根据以上的特点, 可以得到, 想使用lru_cache, 必须满足:

入参必须是不可变参数, 如int, str, tuple等, list, dict等是无法使用的
- 遇到这种情况, 只能通过闭包的方法解决
函数的映射关系是固定的, 即对于同一个输入, 输出必须是固定不变的. 对于一些有状态的函数可能无法使用

原理

functools.lru_cache是通过一个双向链表外加一个字典实现缓存的.

字典的作用是在 $O(1)$ 的时间内找到结果
双向链表的作用是在 $O(1)$ 的时间内删除掉最少使用的key

源码

lru_cache

def lru_cache(maxsize=128, typed=False):
  if maxsize is not None and not isinstance(maxsize, int):
  raise TypeError('Expected maxsize to be an integer or None')

  def decorating_function(user_function):
    wrapper = _lru_cache_wrapper(user_function, maxsize, typed, _CacheInfo)
    return update_wrapper(wrapper, user_function)

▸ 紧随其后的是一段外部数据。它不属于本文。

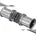 Nordisk Tigris 20mm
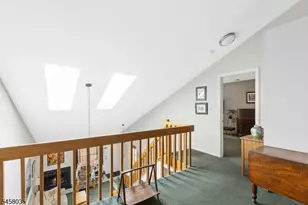 342 Greenbriar-6, Union Township, NJ 07083 - Photo 17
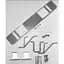 GE AMCB6EBFP BOLT-ON REPLACED BY AM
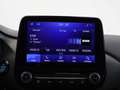 Ford Puma 1.0 EcoBoost Hybrid ST-Line X | Panoramadak | Wint Grijs - thumbnail 15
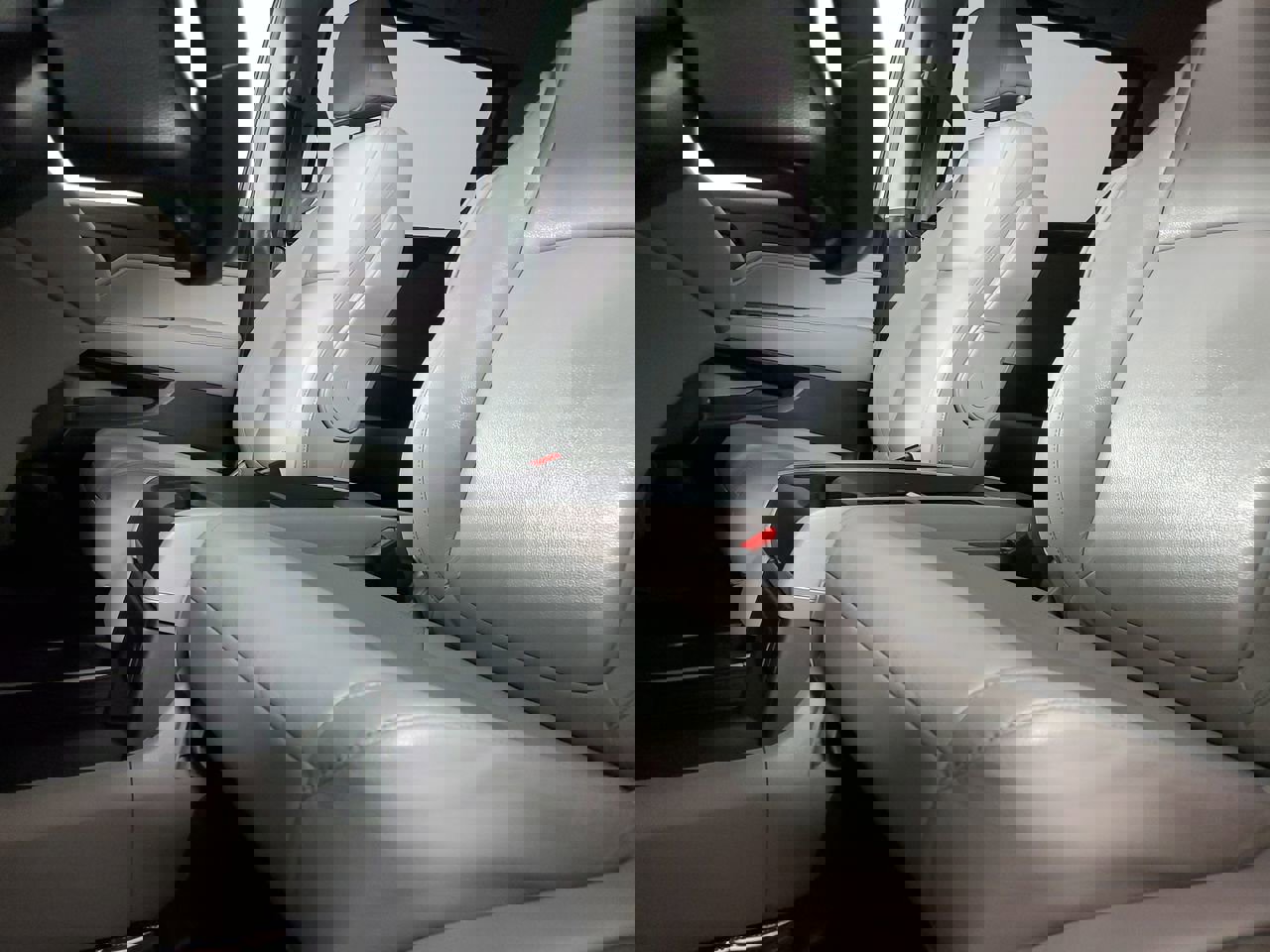 Used 2018 Honda Odyssey EX-L image 19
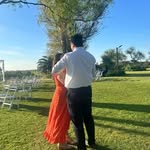 Fabian Esponda - @espondafabian - Instagram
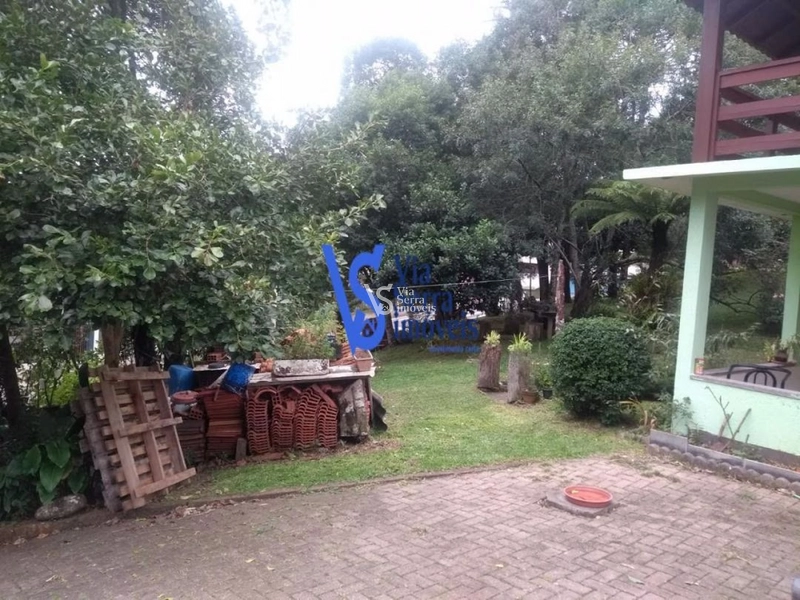 Casa Residencial à venda, no Centro de Canela/RS!: 31ª foto da galeria de imagens do imóvel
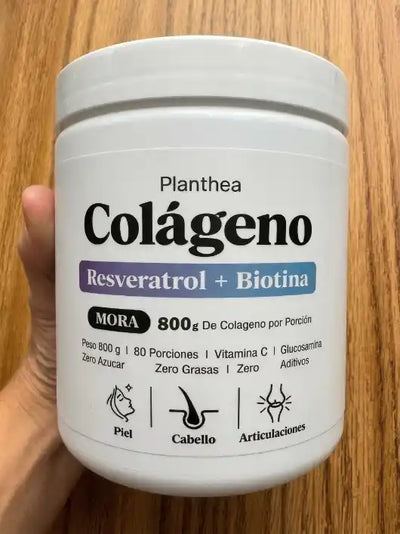 Es muy bueno en verdad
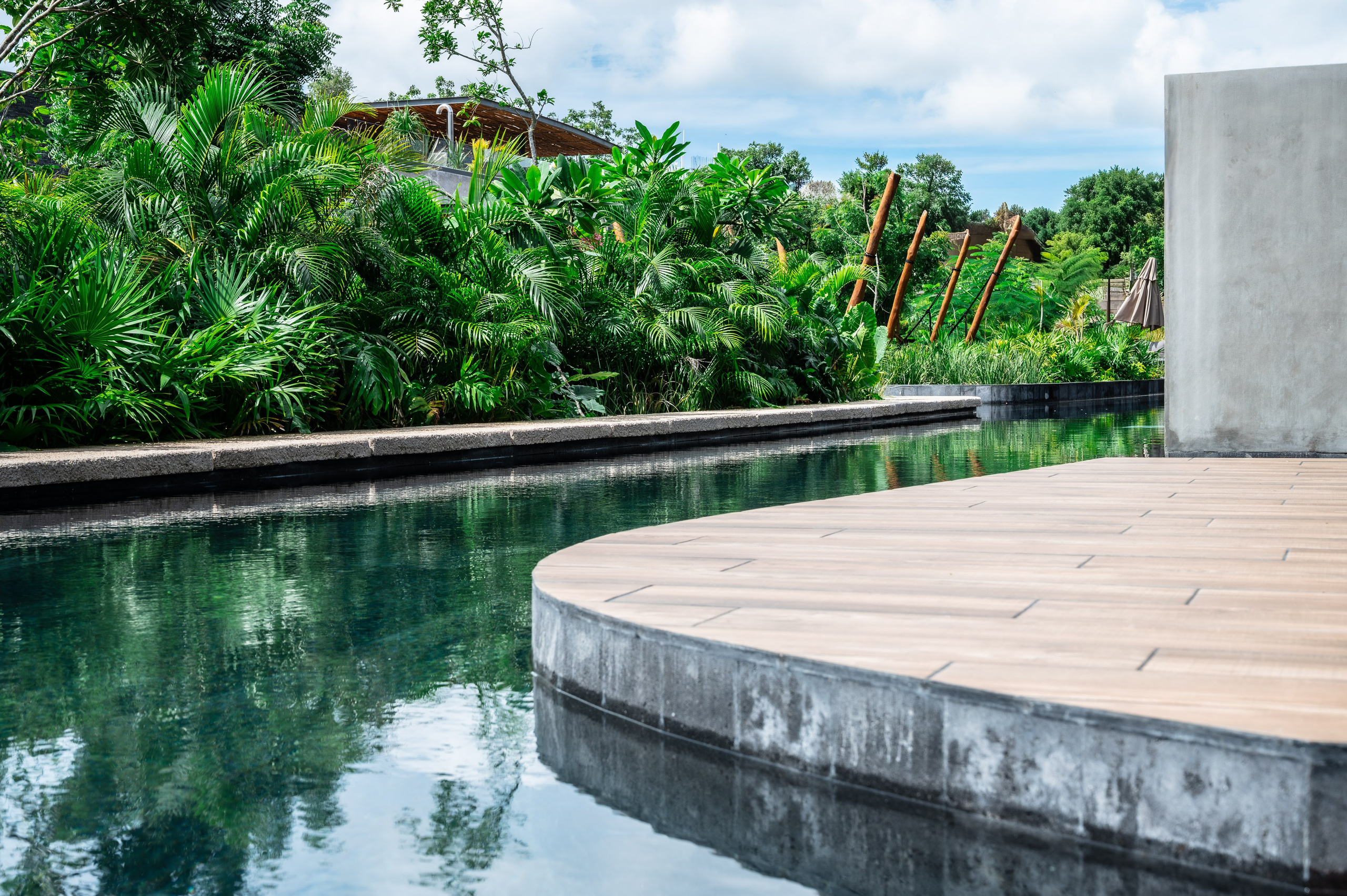 Beutiful (Be-U-Tiful). ФОТОГРАФ МЕКСИКА КИНТАНА-РОО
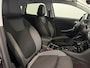 Opel Grandland X 1.2 Turbo Ultimate // Automaat // Keyless // Lane // Stoel/stuur verwarming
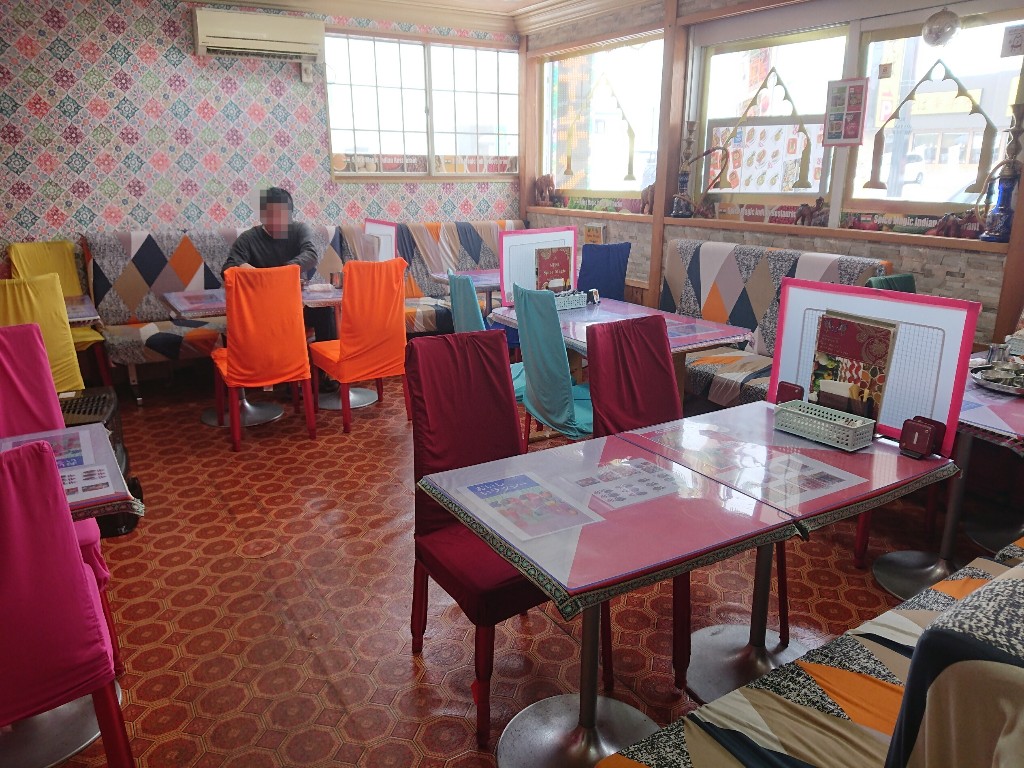 スパイスマジック店内1_copy_1024x768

  return decorating_function

lru_cache接受两个参数:

maxsize: 缓存的数量, 即双向链表的最大长度. 可以为None, 表示没有限制; 可以为0, 表示不使用缓存
typed: 以入参作为缓存, 此参数是指是否对入参的类型做区分. 例如3.0和3, 在typed=False的情况下, 共用同一缓存

lru_cache_wrapper

函数的逻辑是在_lru_cache_wrapper中实现的, 代码分段如下:

def _lru_cache_wrapper(user_function, maxsize, typed, _CacheInfo):
    # Constants shared by all lru cache instances:
    sentinel = object()          # 特殊标记, 用来表示缓存未命中
    make_key = _make_key         # 根据入参来生成key的函数
    PREV, NEXT, KEY, RESULT = 0, 1, 2, 3   # 表示单个节点的4个字段

    cache = {}
    hits = misses = 0
    full = False
    cache_get = cache.get    # bound method to lookup a key or return None
    cache_len = cache.__len__  # get cache size without calling len()
    lock = RLock()           # because linkedlist updates aren't threadsafe
    root = []                # root of the circular doubly linked list
    root[:] = [root, root, None, None]     # initialize by pointing to self

sentinel是一个唯一的对象, 在从字典中获取缓存结果时, 如果对应的key不在字典中, 默认返回这个值. 之所以用这个值, 是因为None也是函数可能的返回值, 不能作为判定key是否在字典中的条件.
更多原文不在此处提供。